Spanish often uses an infinitive where English uses a gerund or clause

English says:

before leaving

after eating

on arriving

in order to understand

because of not knowing

without warning

Spanish uses prepositions followed by infinitives:

antes de salir

después de comer

al llegar

para entender

por no saber

sin avisar

This is one of the most important compression devices in Spanish. It allows Spanish to express time, purpose, cause, manner, absence, and condition without building a full subordinate clause every time.

The rule is simple:

After a preposition, Spanish uses the infinitive form of the verb.

The interpretation, however, depends on the preposition and context.

Antes de and después de

Antes de + infinitive marks an action before another action.

Antes de salir, apaga las luces.

Before leaving, turn off the lights.

Lee las instrucciones antes de usar el producto.

Read the instructions before using the product.

Después de + infinitive marks an action after another action.

Después de comer, salimos a caminar.

After eating, we went out for a walk.

Llámame después de terminar.

Call me after finishing.

English uses -ing after before/after. Spanish uses the infinitive: salir, usar, comer, terminar.

The subject of the infinitive is often the same as the main clause subject, but not always.

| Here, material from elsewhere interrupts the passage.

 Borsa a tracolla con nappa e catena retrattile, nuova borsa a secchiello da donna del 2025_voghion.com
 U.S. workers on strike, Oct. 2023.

Context supplies it.

Antes de salir Ana, revisamos los documentos.

Before Ana left, we reviewed the documents.

Spanish can sometimes place an explicit subject after the infinitive, especially in formal or literary style, though learners should use that structure carefully.

Al + infinitive

Al + infinitive means “when,” “upon,” or “in the act of.”

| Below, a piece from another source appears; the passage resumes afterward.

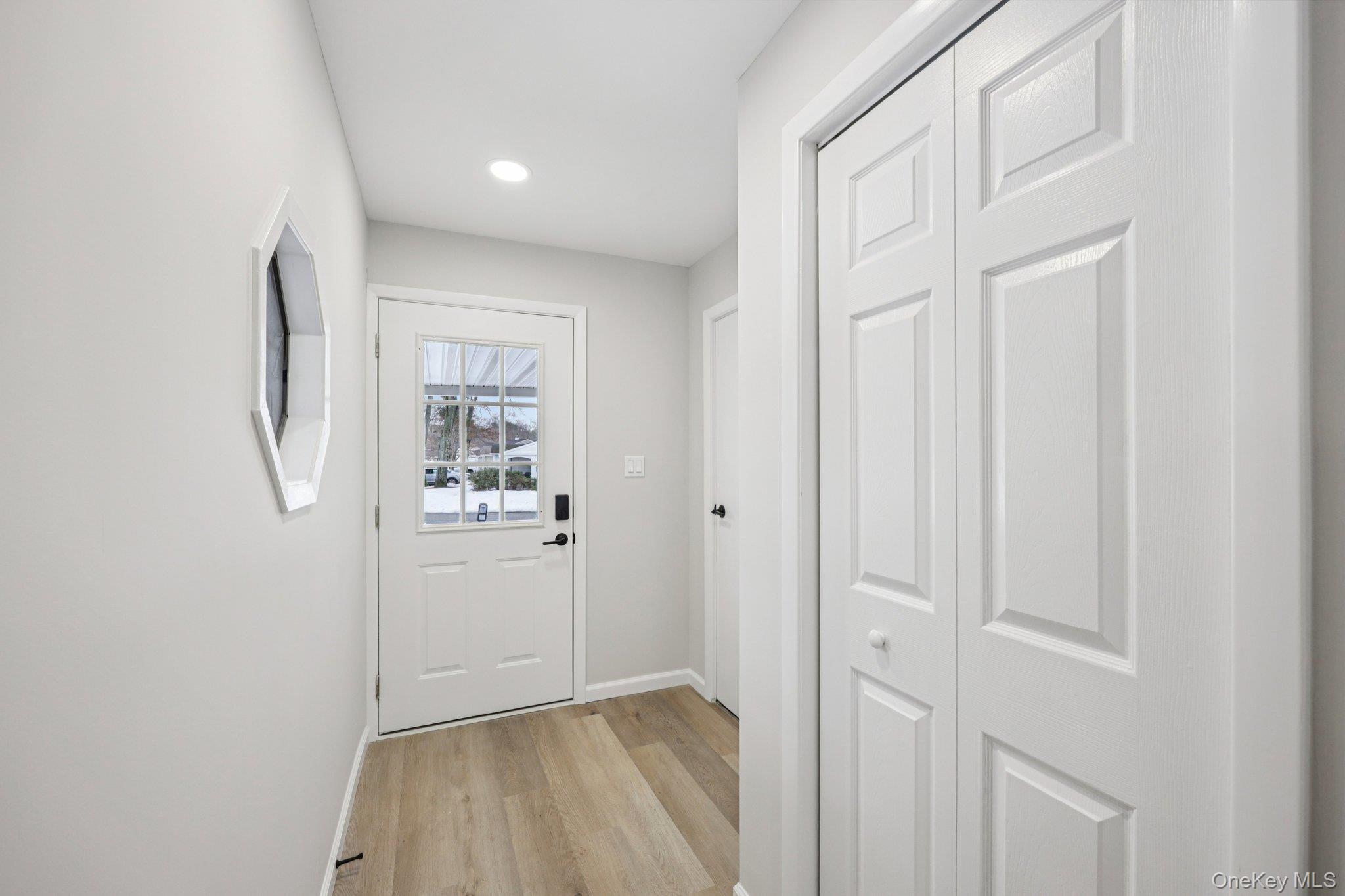 151 Laurance Lane Ridge, NY 11961 - Photo 6 of 33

Al llegar, llamó a su madre.

Upon arriving / When he arrived, he called his mother.

Al abrir la puerta, vio el paquete.

When she opened the door, she saw the package.

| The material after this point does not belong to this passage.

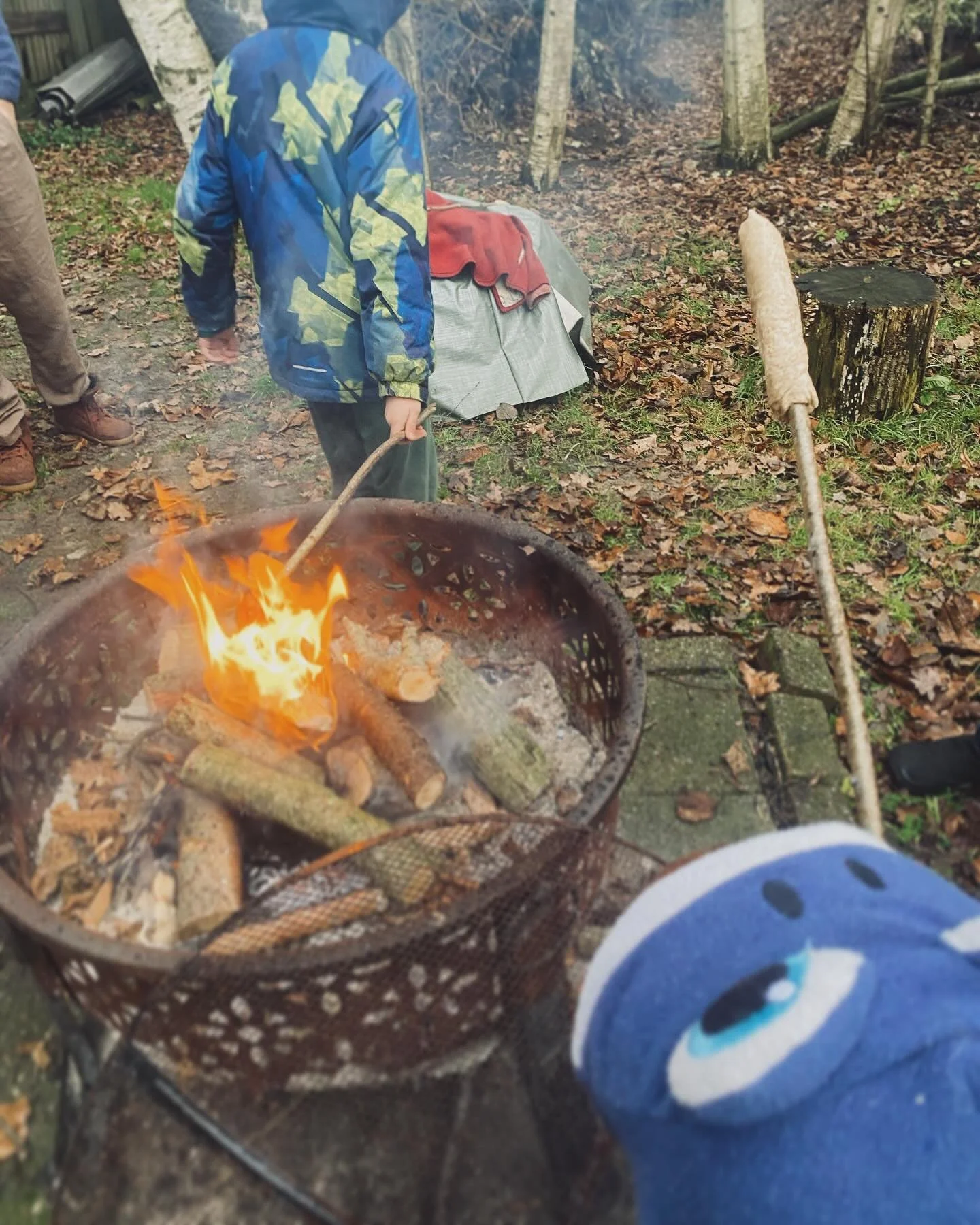 Midwinter vieren

We plaatsen niet zo vaak iets op Instagram, maar we zijn offline nog steeds erg actief. Vandaag vierden we met de Deelschelanden groep Midwinter.

We hadden een fijne potluck vol heerlijk eten, we deden een meditatie, iemand las een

Al leer el informe, entendí el problema.

When I read the report, I understood the problem.

The structure is compact and common in narration and formal prose.

It can often be expanded:

Al llegar Ana, empezó la reunión.

Cuando Ana llegó, empezó la reunión.

But al + infinitive is denser and often more elegant when the subject is clear.

Para + infinitive: purpose

Para + infinitive marks purpose or intended result.

Estudio para aprender.

I study in order to learn.

Necesito tiempo para pensar.

I need time to think.

Usa esta herramienta para practicar.

Use this tool to practice.

This is one of the most useful patterns for learners. It answers “for what purpose?”

Do not confuse purpose with cause:

Lo hice para ayudarte.

I did it in order to help you.

Lo hice por miedo.

I did it because of fear.

Por + infinitive: cause, reason, or pending action

Por + infinitive often gives a reason, especially with negation or evaluation:

Por no saber la respuesta, guardó silencio.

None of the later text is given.